I'm not sure there is a right or wrong way to proceed with a puppy, just different approaches. I like Dunbar's, especially for those new to raising a puppy, because it's simple and fairly foolproof if you religiously follow his simple approach. 

At night, I've roughly followed the rule of thumb of 1 hour for each month of age, plus 1. So, at 8 weeks or 2 months, the pup should be able to go 3 hours at night. Then, once I establish that the puppy can comfortably handle that (isn't up crying or pacing when I get up at the 3 hour mark), then would I've done is increase by 15 minutes every week, which falls in line with that one hour per month of age. 

That said, different dogs have different bladders and sleep habits.
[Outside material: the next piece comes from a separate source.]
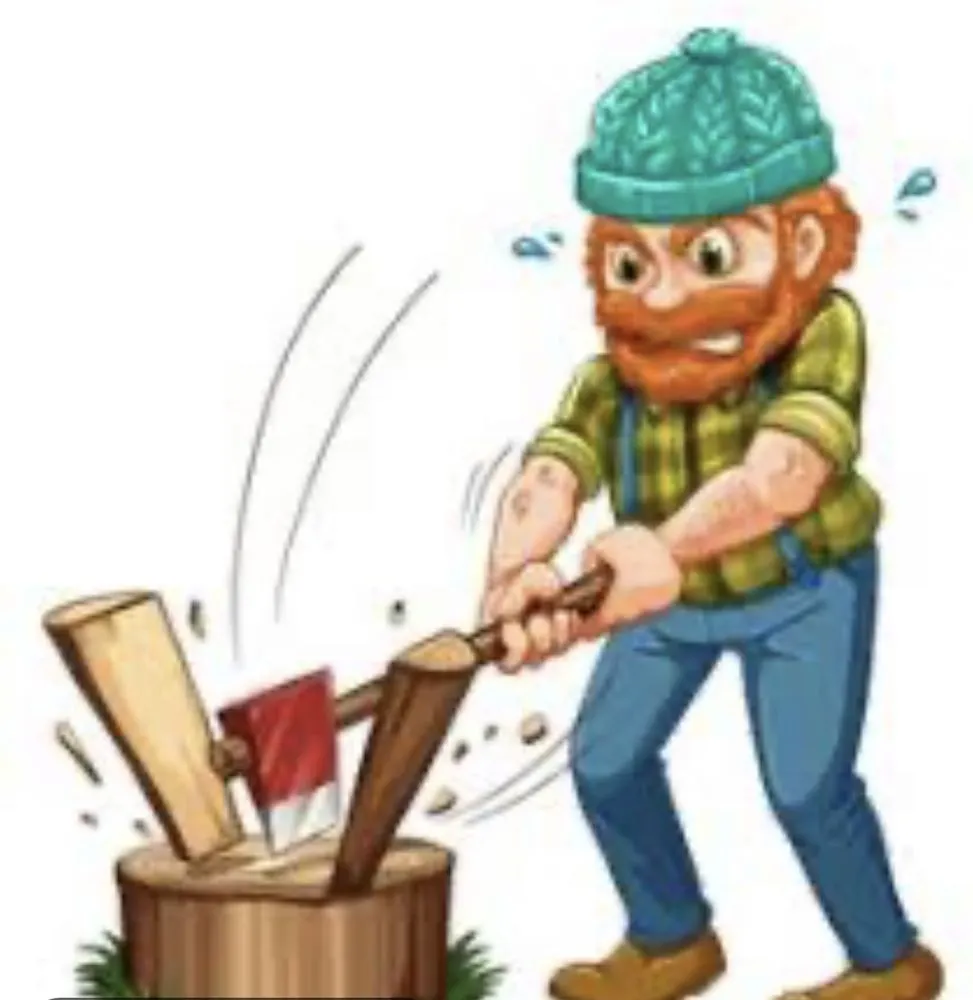 Top-rated landscaping services in Sunman, IN by Sanford’s Yard Work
If I find myself having to practically shake the dog awake, or otherwise clearly not in a hurry to go, then I'll increase the time, usually by 15 minute increments. One of my standards (six year old son of Brees, also from Tabatha) was at 8 hours way ahead of that rule of thumb and these days sometimes goes 18 hours between going to the bathroom, especially if it's raining out. 

Freya is out of Ramsey and Rhea. I don't know much about them, to be honest, other than she is a granddaughter of Rex. My original plan had been to get a pup from your litter, but then Freya became available and it all moved very quickly from there.


----------



## ArreauStandardPoodle (Sep 1, 2009)

She is adorable! What lovely colour and pigment!


----------